Maroon Bells Wilderness - Days 1 and 2
Diane and I went hiking in Maroon Bells Wilderness, near Aspen in Colorado. The area is known as one of the most beautiful in the United States, although also relatively crowded. We went for 7 days and covered a huge amount of elevation gain. Nearly the entire hike was more than 3000m above sea level, which made the trip pretty tough.
On Friday evening we flew to Denver, where we stayed in a hotel. The next morning we met up with one of Diane's college friends who lived nearby and had kindly offered to drive us most of the way (Thank you, Garrick!). We had also had our bear spray and gas canisters delivered to him, so we would avoid an endless search across all the outdoor stores in the area, like last year's hike. We drove through many nice valleys. The landscape was much drier than I had expected and looked mostly like a relatively green desert. In a place called Glenwood Springs, we said goodbye and hopped on a bus that would bring us closer to the trailhead. We arrived at a ski town, where we ate some fruit as the last fresh food before the hike. We were 'only' at 2500m above sea level, but already noticed the effects of the high elevation.

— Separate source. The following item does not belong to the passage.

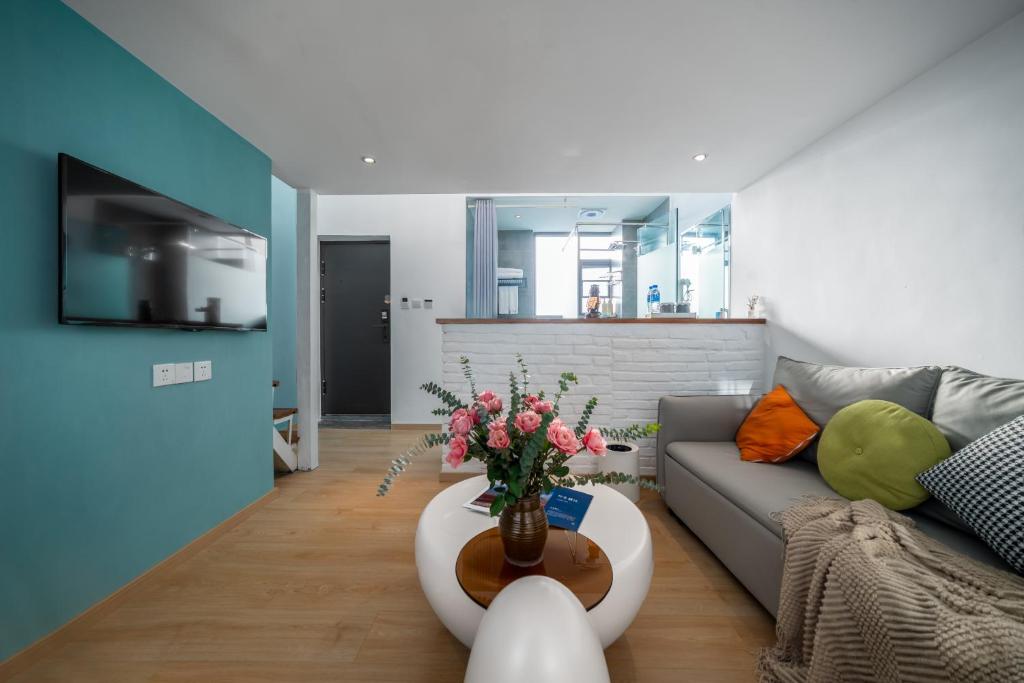 un salon avec un canapé et une table avec des fleurs dans l'établissement 叁三民宿, à Dali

We sent a final message home and started heading into the Wilderness. I had planned a pretty ambitious hike, with several optional shortcuts. We carried enough food to last us 7 days and would adjust our route as we went along.

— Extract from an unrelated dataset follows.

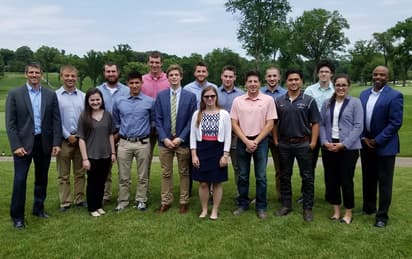 A group of students with High executives smiles for the camera.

To get to the actual trailhead we had to climb and descend a large hill, which took about 1.5 hours. There was a parking lot at the trailhead and as soon as we arrived, a worried elderly woman came up to us. Apparently her husband was still on the trail and wasn't feeling well. She had rushed ahead with her disabled son to get some water. As we would likely be faster, she asked us to go ahead and bring it to 'Dave in the red shirt'.
We hadn't even started our hike yet and were already on a rescue mission. Fortunately, we caught up with Dave after about 15 minutes, who seemed pretty tired and dehydrated, but not in any serious danger. His wife was only a few minutes behind us so after making sure Dave was doing well, we continued our hike. Soon after we left Dave it started raining. We put on our rain clothes and walked for a good hour before pitching our tent at a campsite. Fortunately the rain had stopped and we had some daylight left to organize ourselves. We had been walking uphill for almost 2 hours and would likely have to do that for the entire next day. Even then we wouldn't be anywhere near the highest point of our hike.